Maybe he doesn’t believe me because I fell behind. In my defense, it turns out grad school is hard. So we’re going to up the frequency of these reviews for a little while so I can catch up with myself. Which my boyfriend thinks makes me a crazy lady, because this is not actually my job.
But instead of thinking of me as a crazy lady, think of me as a mountain climber, and the Rolling Stone Top 500 Albums List as a mountain range I’m hiking from top to bottom, Wild-style. Now that I’m halfway through, I can’t just STOP. THAT would be crazy.
Besides, it’s just getting good!
Entry #253 in the list that I “have Stockholm Syndrome” for was Pink Floyd’s The Piper At the Gates of Dawn, their debut and only release with founding member Syd Barrett, who was kicked out after the steep decline of his mental health. Wish You Were Here is their ninth record, so it had been several years since he’d played a role in the band — yet this record is all about him.

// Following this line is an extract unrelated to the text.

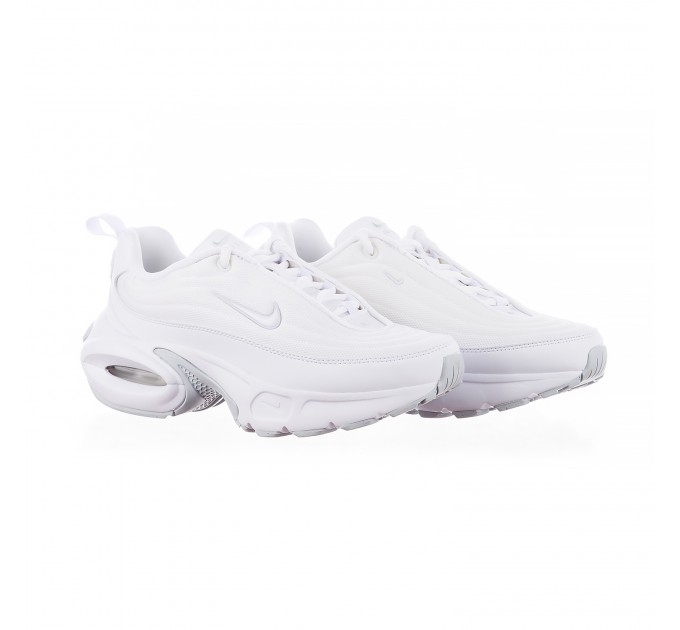 Кросівки жіночі Nike Air Max Portal (HF3053-100)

The RS blurb calls Syd “one of the Sixties saddest acid casualties.” If you want to have a terrible time, do what I did and read this fascinating oral history of Syd Barrett while listening to this album. The other musicians talk about their challenging friendship with someone they loved and worked with, and how painful it was to watch him disconnect from reality.
Even though Barrett hadn’t worked with the group in years, during the mixing sessions for this record, Syd actually showed up, nearly unrecognizable since he’d gained so much weight and shaved his hair and eyebrows off. He apparently spent much of the session brushing his teeth.
Roger Waters said of the visit, “[T]o see this great, fat, bald, mad person, the first day he came I was in f***ing tears… ‘Shine On You Crazy Diamond’ was not really about Syd, he’s just a symbol for all the extremes of absence some people have to indulge in because the only way they can cope with how f***ing sad modern life is to withdraw completely.”
Well, saying that someone is a “symbol” implies some level of inspiration, in my opinion. But what do I know, I’m not a rock-star-millionaire.
There are only five songs here, all of them hits. (Keep in mind that this is Pink Floyd we’re talking about, so they’re all a million minutes long.) The opener and closer, however, are really two halves to the same 26-minute whole, an epic mostly-instrumental that sounds fearful and mad and brokenhearted.
The intro “Shine On You Crazy Diamond (Pts. 1–5)” mixes a sci-fi intro with a secret-agent guitar. When it finally brings in lyrics, they describe someone brilliant and unappreciated that retreats from life. When Roger Waters sings Now there’s a look in your eyes/Like black holes in the sky, I got shivers.
“Shine On You Crazy Diamond (Pts. 6–9)” is completely instrumental and winds down instead of winding up. It descends into madness and yet still somehow leaves you with a sense of peace. The world is f***ing sad, and you can get lost in the sadness, and that is even f***ing sadder.
There are also two songs that piss on the music industry, which I always find delightful, because everyone’s in Stockholm Syndrome with the music industry. “Welcome to the Machine” has Pink sounding genuinely oppressive over an acoustic, wistful guitar, complete with a schticky intro and outro. “Have a Cigar” finally has the meaty guitar that I so crave, plus I love when it goes SHOOOOP! at the end. Now THAT’S what I call a ride on the gravy train.
The gooey, emotional center here, though, is the title track. “Wish You Were Here” has always been my favorite Pink Floyd song, and is one of my go-to warm-up songs for the acoustic, because it’s simple and pretty and has built-in mini-solos. And David Gilmour’s voice is as lovely as it is sad. I keep trying to come up with words to convey how much this song moves me, but I can’t, so I’ll just link it again.
I’ve experienced many classic rock albums a la carte — hearing the best songs on radio, then listening to them over and over, never diving deeper. That wasn’t true with this album, which I’ve consumed in one big bite many times. But I’ve never listened to it while empathizing with poor Syd Barrett, and that changed things for me, made it more profound than it already was.
See? That’s not Stockholm Syndrome — I’m in true love with this stupid project that’s ruining my life, dammit. Time to climb another mountain.